Partant de là, je me suis interrogé sur la possibilité de créer une base de recettes de cuisine à travers le profil des utilisateurs de l’application. L’idée était de créer un profil, renseigner différentes informations (ce que j’aime / je n’aime pas, mes allergies, etc.) et obtenir des recettes adaptées. Ces recettes de cuisine devaient être transformables en listes de courses et que le lien soit ensuite réalisé avec les producteurs locaux.

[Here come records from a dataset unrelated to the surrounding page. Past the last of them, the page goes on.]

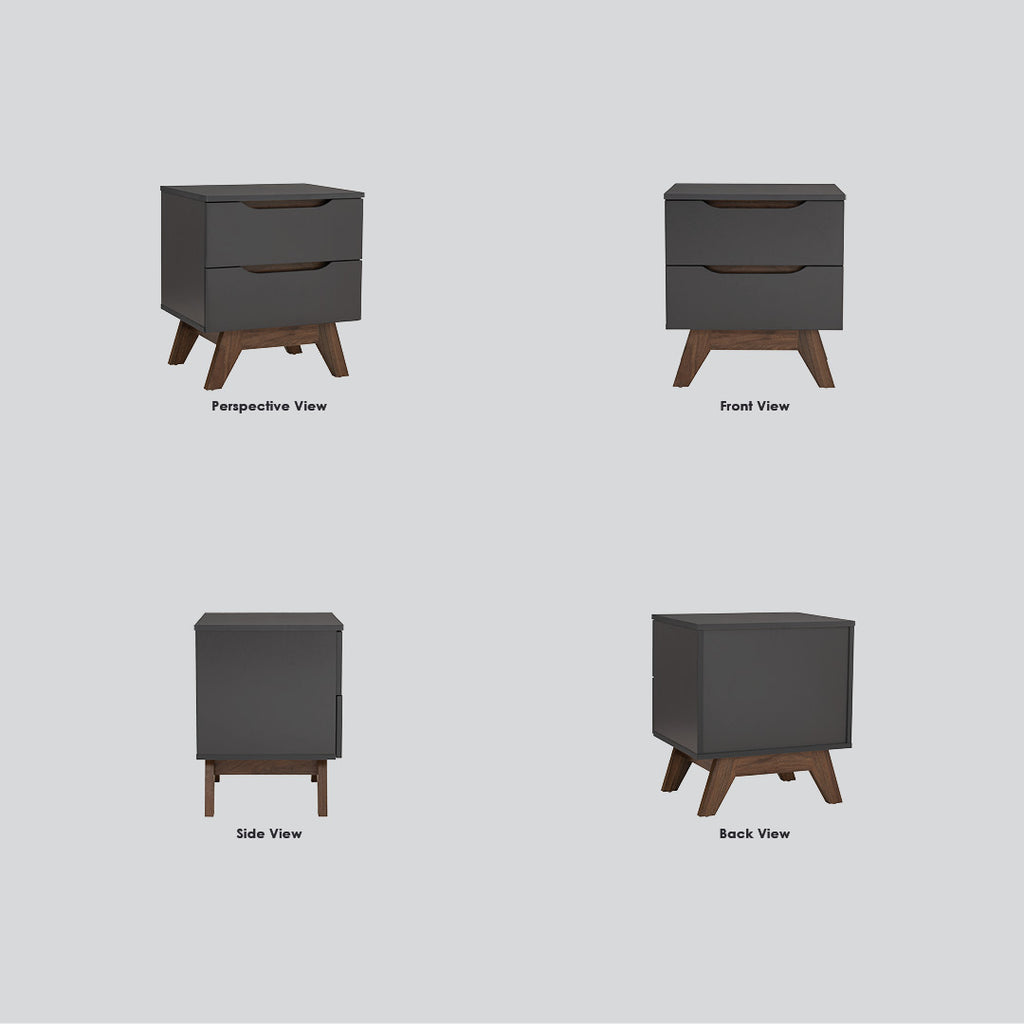 Mando side table in Walnut colour leg, Black colour top.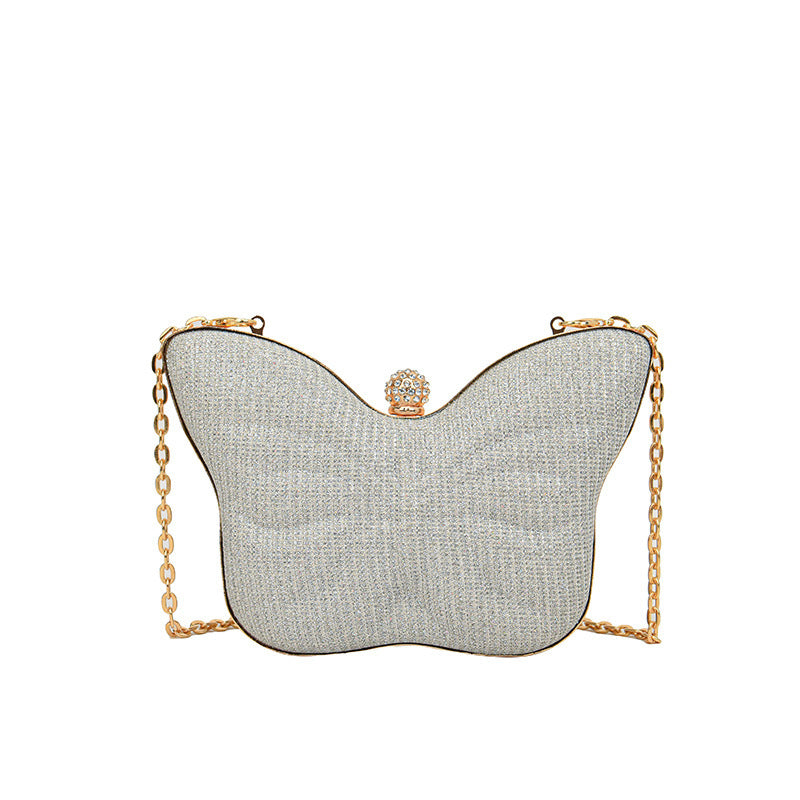Butterfly Stripe Clipped Button Metal Chain Bag for Women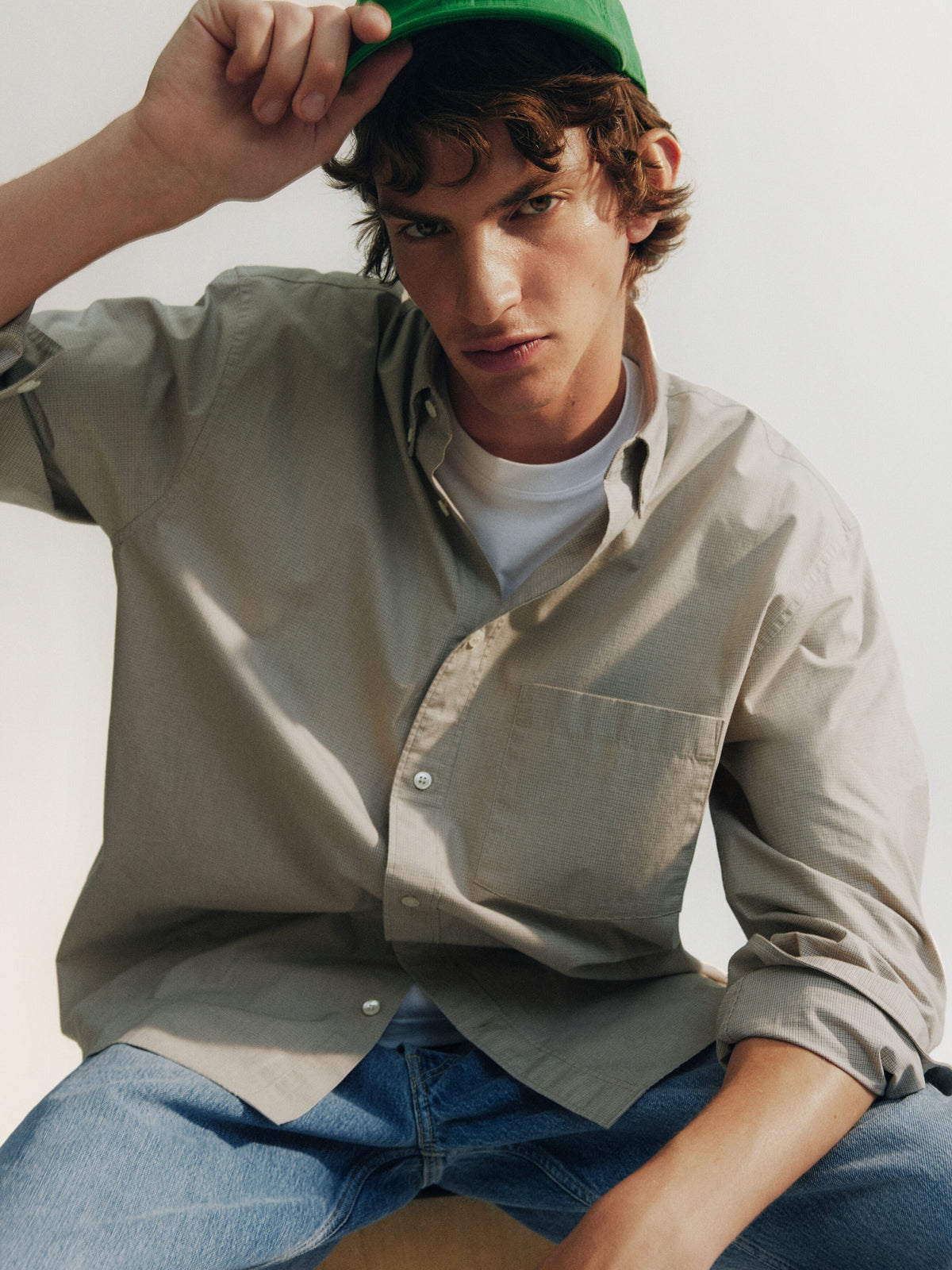 Relaxed Checkered Shirt - Beige - Image 6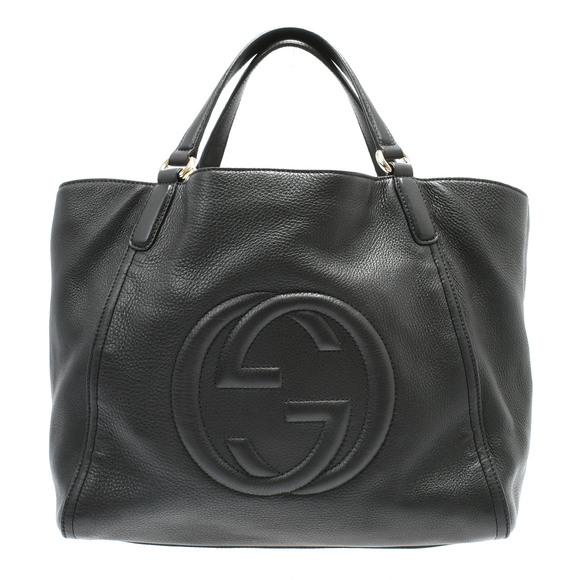 Gucci Soho Interlocking GG Tote Bag Black Leather Handbag - Picture 1 of 9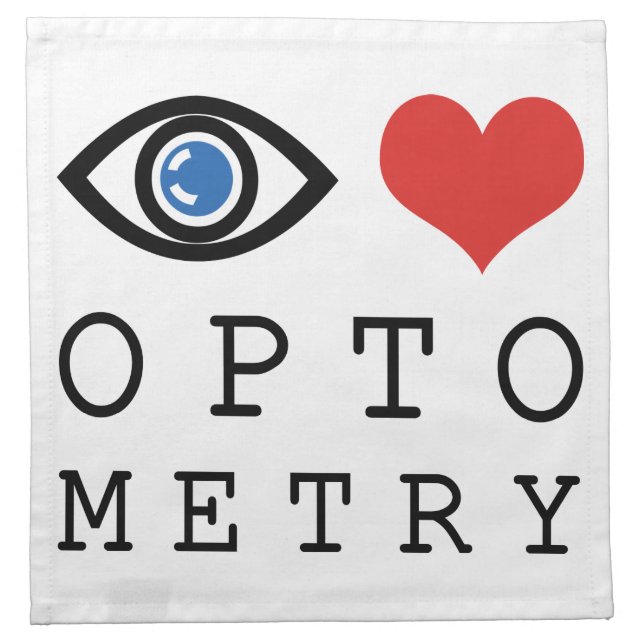 Eye Love Heart Optometry - Optometrist Eye Chart Napkin (Front)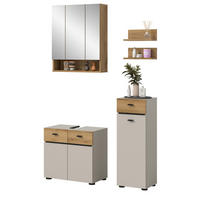 BADMÖBEL-SET Kaschmir, Evoke Eiche 5-teilig 107 cm, Komplettset in modernem Design - Kaschmir/Eichefarben, Glas/Holzwerkstoff (107/191/35cm) - Inn.Furn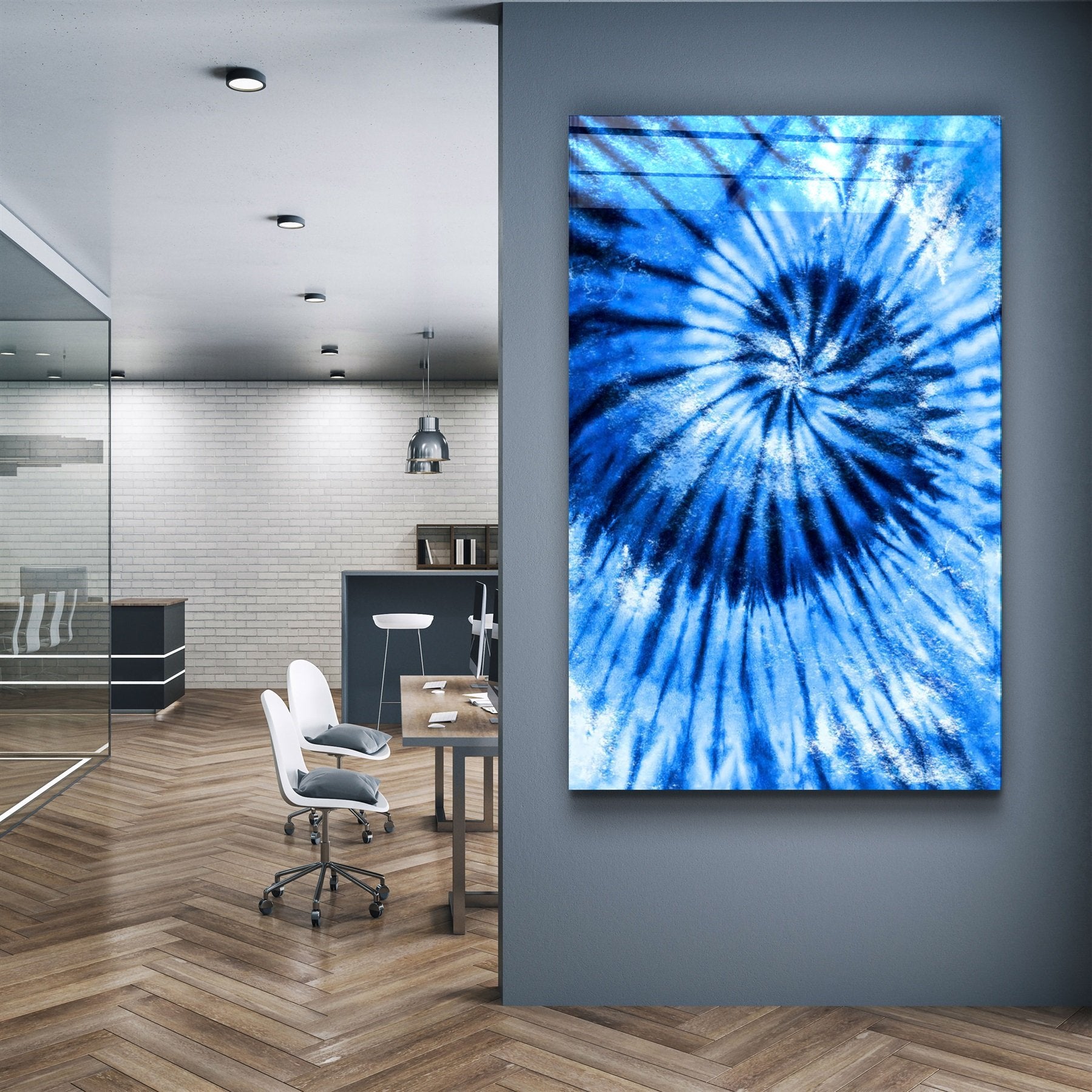 ・"Plume bleue"・Art mural en verre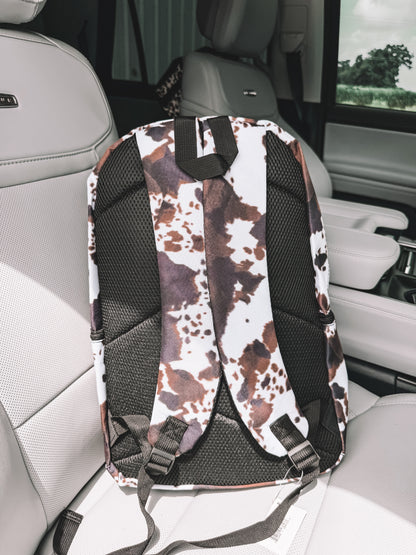School Backpack - Dark Brown Cow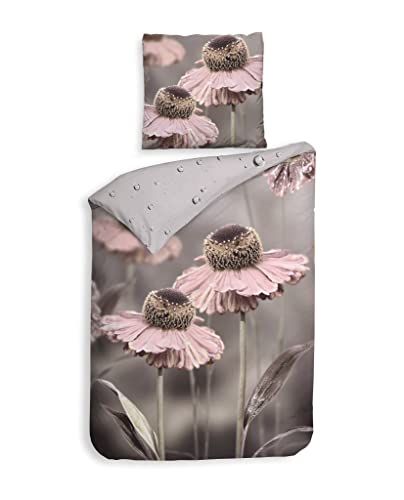 Heckett & Lane Mako-Satin BCI Bettwäsche 135x200 Zalia Grey Wende Natur Rose von Heckett & Lane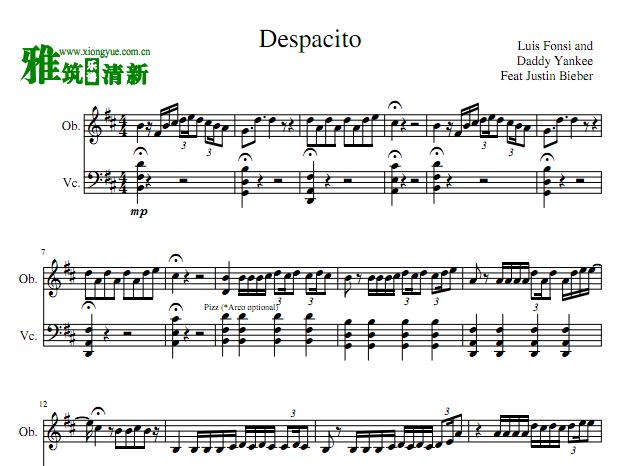 Despacito单簧管大提琴二重奏谱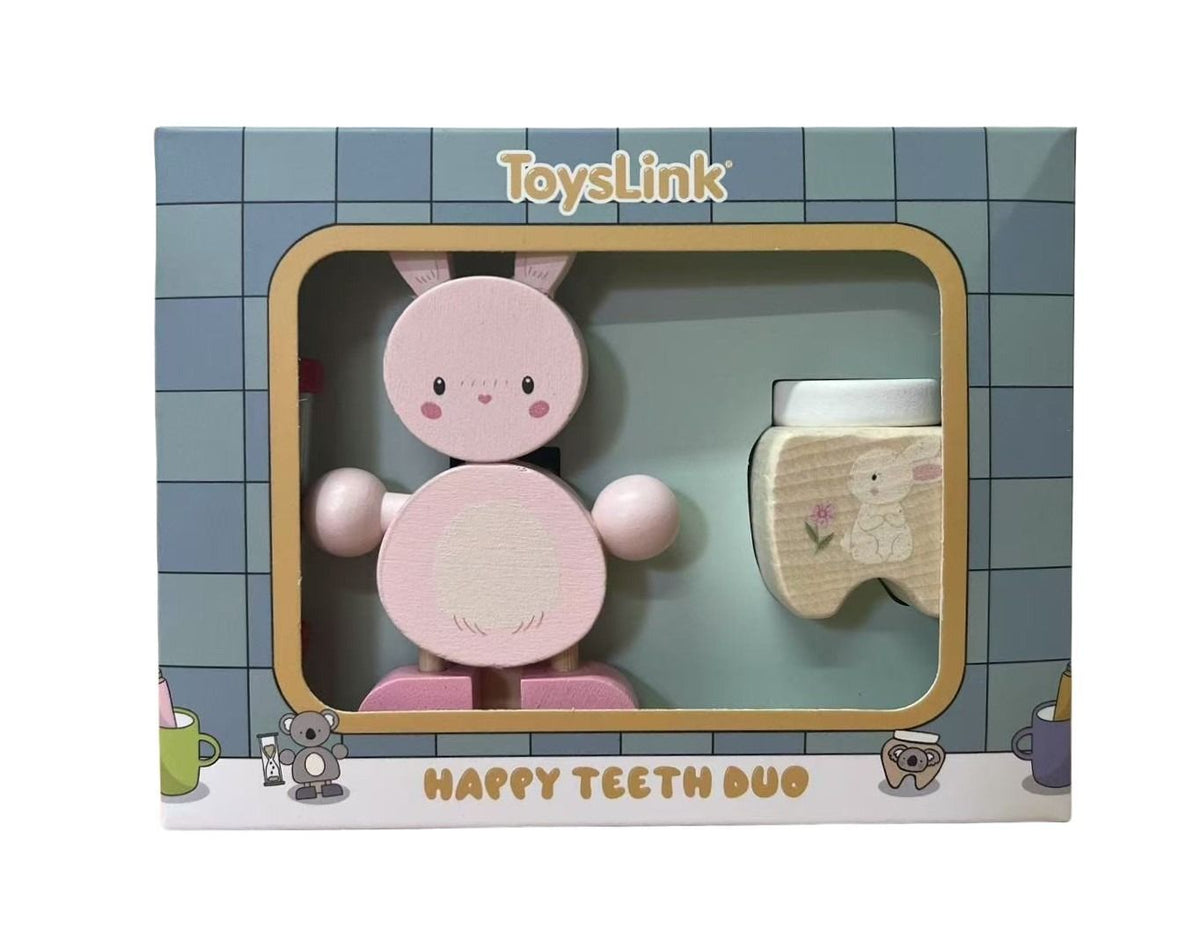 Wooden Happy Teeth Duo with Story Book - Bunny
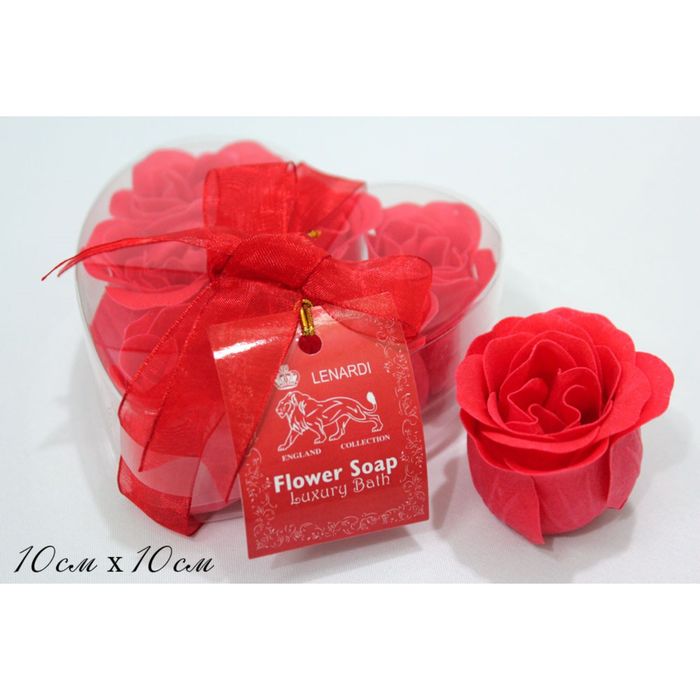 Мыло декоративное в подарочной упаковке, розы, цвет красный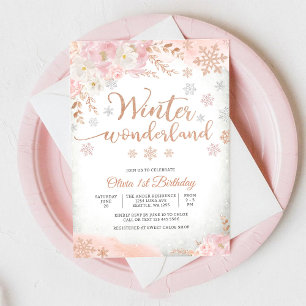 Convite de 1º Aniversário Winter Wonderland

Le rapport entre ce besoin fondamental de se nourrir et le producteur local était ainsi créé. Or, c’était un peu compliqué en terme de développement car nous étions face à deux entonnoirs :
- Les recettes. Avouons-le : je n’aime pas particulièrement cuisiner ; créer des recettes n’est pas mon fort (et il y a une multitude de sites internet qui existent déjà et qui sont hyper ancrés), et cette façon de faire était compliquée à gérer avec les producteurs.Je me suis alors demandé où l’on créait vraiment de la valeur. On a commencé à concevoir un autre projet – la deuxième phase de développement de Grinoloco – qui tournait autour de la production sur des surfaces de particuliers : j’ai un jardin et je le met à disposition d’un voisin qui aime cultiver.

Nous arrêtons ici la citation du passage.